No more guest posts. That’s the new rule imposed by Google. Everyone’s talking about it. Some are raging about the future. Others lamenting the past.
Except for one thing. It’s not true.
Google hasn’t killed the guest post. The thought that it could is ludicrous. What Google has condemned and is taking action against are specific patterns in the context of guest posting.
Patterns Patterns Everywhere
I don’t really consider Google to be a search engine, but a pattern engine. Ok, just follow along.
Google isn’t some big Dewey Decimal System in the Cloud where digital librarians walk up and down long aisles made of bits and bytes downloading streams of data off of shelves made of ones and zeros.
Google is a pattern recognition and matching company. It uses technology to find patterns so that an input (a search query) can yield an output (a search result).
Humans see patterns everywhere. We see a face on Mars instead of a collection of mountains and hills. We see spirits reaching out from the grave instead of lens flare in a nighttime photo. It’s no mistake that Google attempts to take a very human approach to solving the problems posed to its servers.
Patterns are why Google presents someone looking for “jets” in New York results about a football team while giving someone in Chicago results about an aircraft manufacturer. Google capitalizes on patterns in behavior, geography and history to match you with the best search result.
What does this mean for guest posting?
For legitimate guest posting, nothing at all. Legitimate guest posting will be entirely unaffected.
However, if Google’s pattern mojo recognizes that one or more sites and guest authors are behaving in a manner that implies improper back linking, keyword stuffing or any other behavior that is not solely about distributing good content then that content may be excluded from search results.
What Does This Mean For Your Blog?
Simple. Don’t fall into the pattern. For you there is only one type of guest post that is bad; one that is not of the quality, style and substance that entices your audience.

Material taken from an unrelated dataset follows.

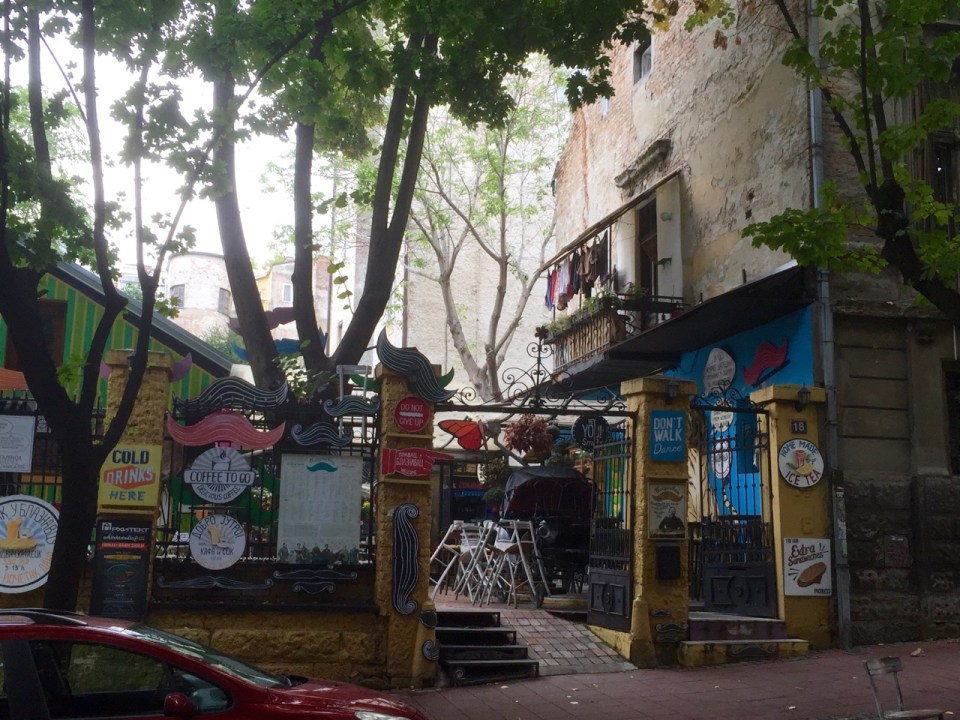 Cool cafe I passed on way to hostel - 'Don't walk, dance'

If you have a loyal audience then write quality content with purpose and expect the same from any of your guest contributors. Don’t turn away guest contributors that can strengthen your blog and add value.
What Is Quality Content?
Google can’t tell you what will make good quality content for your blog. Don’t let anyone tell you otherwise. Quality content – in whatever form that takes for your blog – is what will grow your readership and keep existing readers loyal. Some of that may be home grown content and some of it may be guest contributions. The grander point is that quality content isn’t what Google says it is. It’s what you say it is. And by extension what your readers demand.

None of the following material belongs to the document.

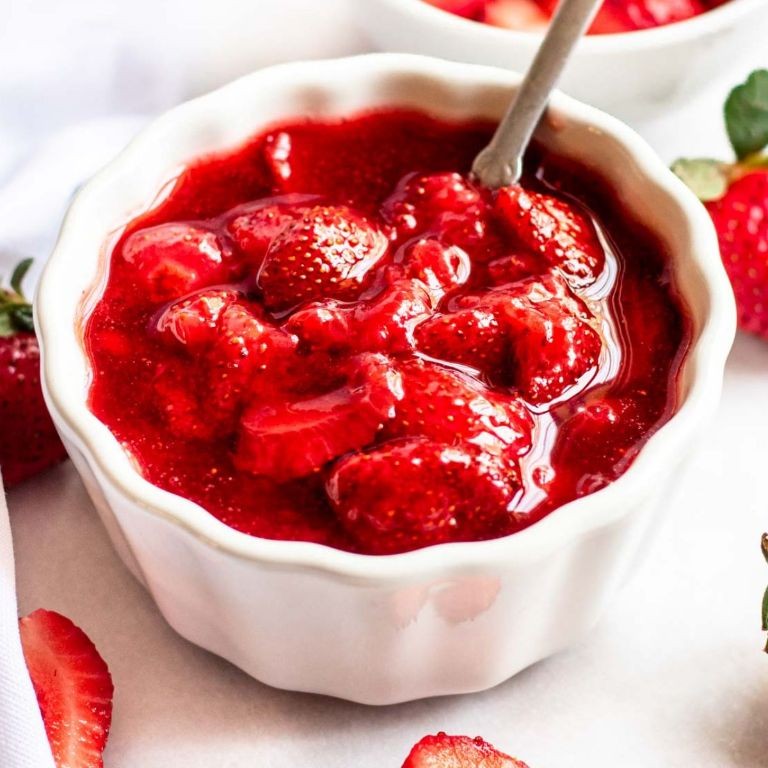 Spiced Strawberry Topping for Cheesecake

Follow this simple rule: Write good stuff like a grown up.
Writing good stuff – stuff that is clear, relevant, organized and grammatically correct – is the key to maintaining a faithful readership. It is also essential for the distribution of your content either through social shares or some form of syndication. No one wants to share crap.
Writing good stuff will keep you on the right side of Google’s Pattern Fence. The side where your content is included in search requests as opposed to the wrong side of the Pattern Fence which is where bad content goes to die.
Don’t let Google’s new announcements about guest contributions persuade you to write alone. Invite those you trust to help make your blog robust, brilliant and of course quality. My recommendation to all bloggers is to seek out the talent that you want writing for your blog. Chances are you know who can be a good contributor to your site already. If you have a good relationship with a person that can contribute great content to your blog, the worst they can say is, “No.” I’ve asked a lot of people for guest contributions and not one has ever turned me down. And I rarely hear otherwise from other bloggers.
Conversely, you don’t need to open the floodgates and ask for unsolicited and anonymous guest writing. That could be a time waster at best and a recipe for Google Pattern Fence Disaster at worst.
What If You Are Guest Or Freelance Writer?
The rules apply to you too. You have to write good stuff. If you are contributing to a blog, make sure you’re writing to the needs of that blog. Don’t write an article about aerodynamics for a mommy blog. Don’t write a blog about dogs on a marketing site. You share a responsibility with the editor of the blog to which you’re contributing to make sure that your contribution fits elegantly into the mix.
You also need to understand the evolving dynamic of blogging in relation to Google. Obtaining links for proper accreditation is perfectly acceptable. However, if you are contributing to blogs in exchange for links that have no value to the article or the blog then you are putting yourself and that blog at risk. So don’t do it.
But what if you are a writer developing content for commercial purposes or products and create legitimate links to products and services that are for sale? Well, I don’t know. I guess that’s a gray area considering Google did not explicitly comment on that. However, here’s my take.
If you are writing commercial content that is clear, unambiguous and does not seek to obfuscate the purpose of your content – even if the purpose is to link to goods or products, then I imagine that you will not be on the wrong side of the Pattern Fence. After all, Google understands that a significant amount of content on the internet is related to commerce.
To put it plainly, if you sell shoes, don’t write posts about dogs because you want to capture keywords and then route those people unsuspectingly to your shoe product page.
If you do, then there is reasonable cause to say that you are exhibiting a pattern that will find you on the wrong side of the Fence. If that’s the case, then there will be one less of you and for that the entire internet should be grateful.